Gavin Polone’s Psycho Killer had one strike against it going in, for me. The film takes us along for the ride on the Satanic Slasher’s cross-country killing spree.

And while James Preston Rogers cuts an impressive figure as the serial killer at the center of this cat and mouse chase, a Satanic murderer is a conservative straw dog cliché as tired and damaging as witches, maybe worse.

That aside, Polone, working from a script by Andrew Kevin Walker (Se7en, The Killer, Metalocaplyse: Army of the Doomstar), crafts a taut thriller.

Georgina Campbell (Barbarian) is Trooper Jane Archer. After witnessing her husband’s murder, Archer determines to take the shot she missed and put an end to the Satanic Slasher.

Campbell delivers a properly heroic performance. Smart, driven, and with an aggressive lack of cooperation from the FBI and other law enforcement agencies but nothing to divide her attention, Archer figures out the psycho’s trajectory.

And though her story involves one almost inescapable cliché, having a woman play the cop who misses the shot that could save their spouse and then, job be damned, scours the country to kill the bastard—it’s a nice gender role reversal.

The villain’s concept impresses: the hair, the mask, the coats, the voice. His mythology is sometimes clunky, other times lazy, but it’s rarely the backstory that makes a villain memorable. This guy’s creepy.

Logan Miller offers solid support with limited screentime. Likewise, Malcolm McDowell lends his unmistakably infernal voice to great effect, providing the film with a bit of dramatic flourish. But otherwise, Psycho Killer blends police procedural and revenge flick with plenty of tension and not a lot of fanfare.

There’s fairly little onscreen violence. Though an awful lot of grisly carnage is mentioned, there are only a few scenes in the film depicting it. Two of them are grimly subversive and worth the ticket price.

The third act comes seems to come from nowhere, but it’s a big capper to the slow building momentum of the Slasher’s bloody journey. Psycho Killer isn’t perfect, but it’s a tight, entertaining bit of a thrill.

Monster-in-Law

The Dreadful

by Hope Madden

Have you ever seen Kaneto Shindô’s1964 masterpiece Onibaba?
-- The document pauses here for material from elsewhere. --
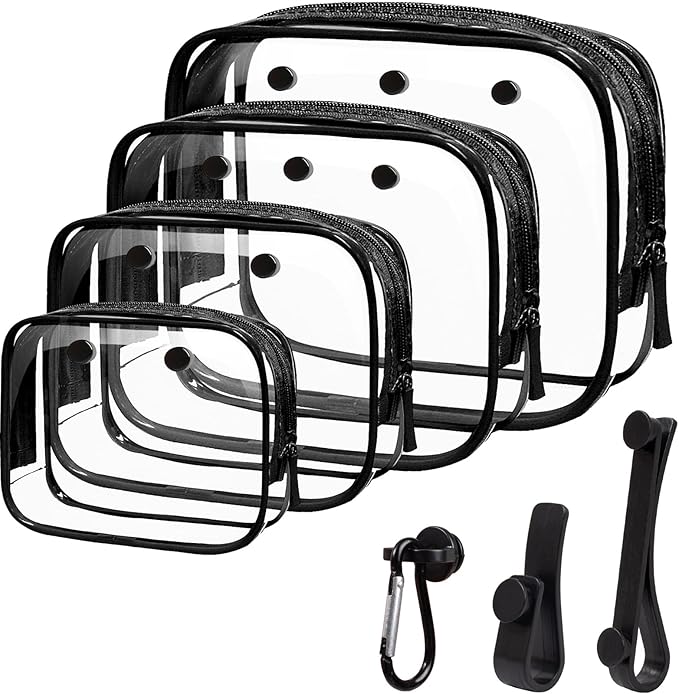 4 Pack Clear Toiletry Bags, Portable Travel Makeup Pouch with Zipper, TSA Approved Organizer, Clear Pouch Bags Compatible With Bogg Bag Divider Accessories (Bogg Clear Black, Pack of 8)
Dude, you should!

Writer/director Natasha Kermani’s latest film, The Dreadful, reteams Game of Thrones stars Sophie Turner and Kit Harington, alongside the flawless as ever Marcia Gay Harden, in a medieval retelling of the same Buddhist parable that inspired Shindô’s tale.

Turner is Anne, a pious young woman whose husband Seamus (Laurence O’Fuarain) has been called up to fight in 15th Century England. She lives on the outskirts of a tiny hamlet near the sea, in a hovel with her mother-in-law, Morwen (Harden).
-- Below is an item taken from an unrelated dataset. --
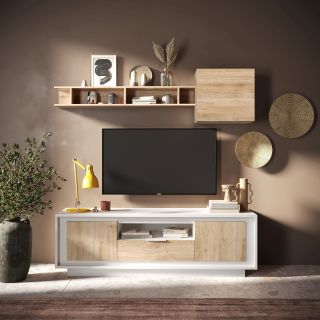 Meuble TV 2 portes 1 tiroir et 1 niche ANABELLA 2 BLANC CADIZ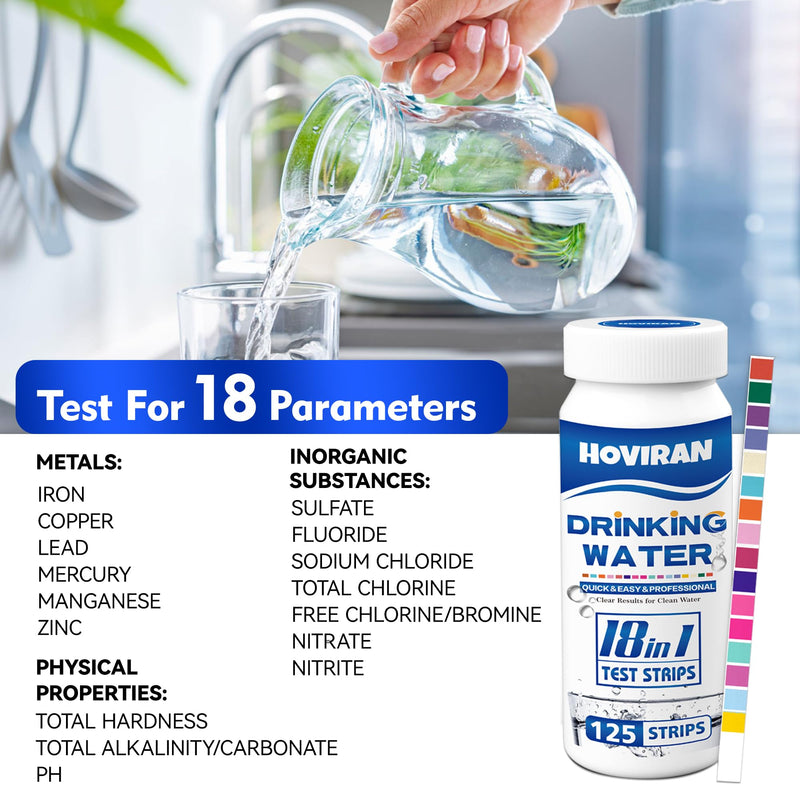 125 ct Drinking Water Test Strips - Home, Well Water Testing Kit for Lead, Hardness, Iron, Copper, Heavy Metals, Chlorine, Nitrate Blue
Times are tough for the two women, and before too long, Morwen’s exploiting Anne’s naivete with ever darker schemes to earn money. But when Seamus’s friend returns home without him, Morwen sees a future without a son, without Anne, and with very little hope for survival.

Morwen tries to convince Anne that leaving her would be an unforgivable sin, damning Anne to hell. Out of the other side of her mouth, Morwen contends that the increasingly bloody criminal activity the women are involved in is, in fact, entirely forgivable.
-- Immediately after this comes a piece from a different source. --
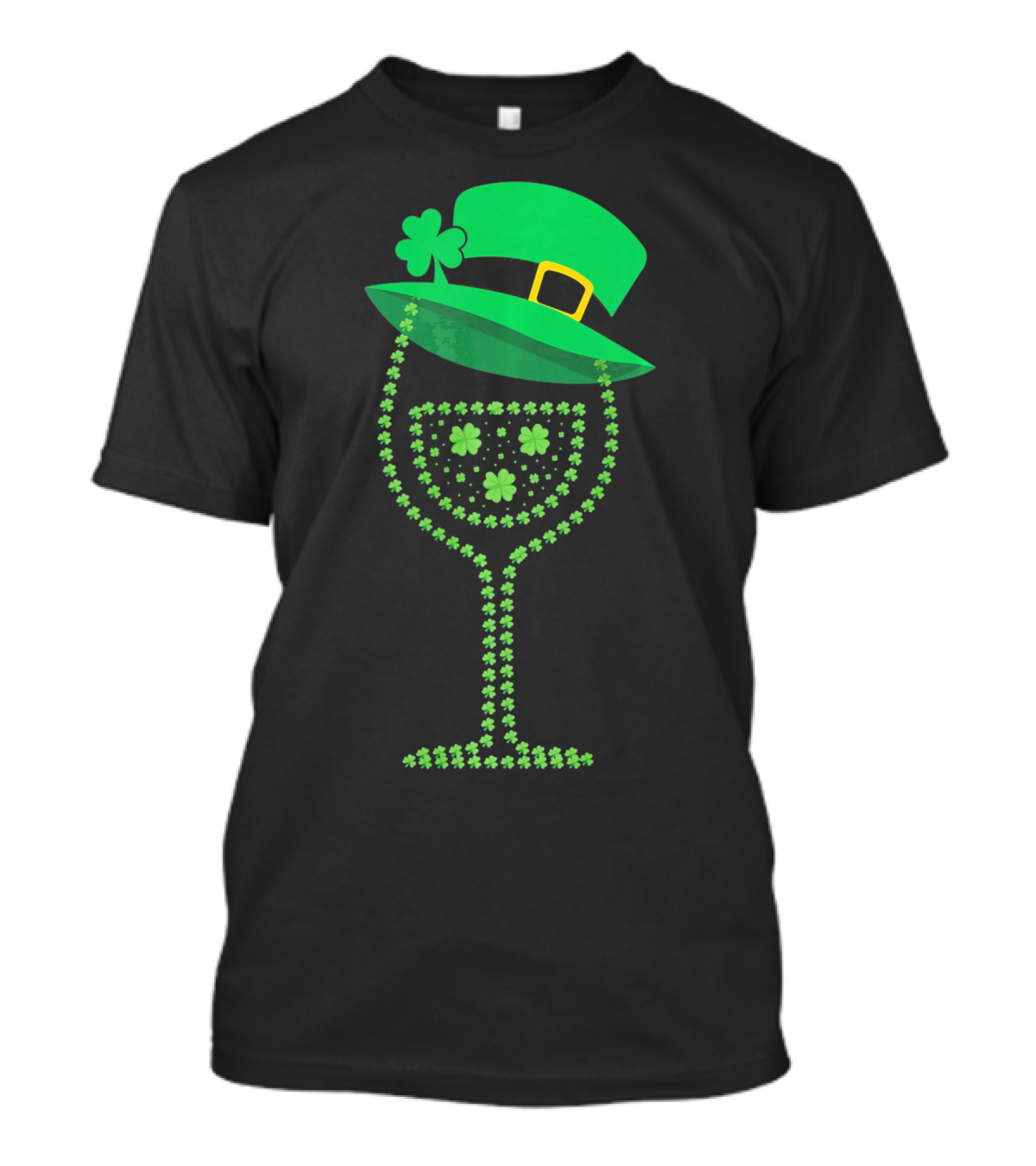 Leprechaun Hat Wine Glass Shamrock St Patrick's Day T-Shirt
Seamus’s friend Jago (Harington), the bearer of bad news, has other plans for Anne and they definitely do not include her mother-in-law. Because Kermani’s take on the parable sees Anne as the protagonist, the battle then is her own fight between piety, devotion and pity, and a second chance at love.

Unfortunately, Anne is an impossible character. There is no conceivable logic to a choice to stay with Morwen, so no real conflict of any kind. While she seems to feel pity and some fear for her mother-in-law, she doesn’t seem to harbor any guilt for her own complicity in the crimes, or worry over punishment of any sort, criminal or spiritual.

If Turner never manages to convey a clear character, Kermani seems equally mystified. The final act of the film is unearned and unsatisfying.

It might be too much to hope for some of the visual majesty and honest to God horror of Shindô’s film, but Kermani can’t find her own way through the parable well enough to leave an impression.

You should definitely watch Onibaba, though.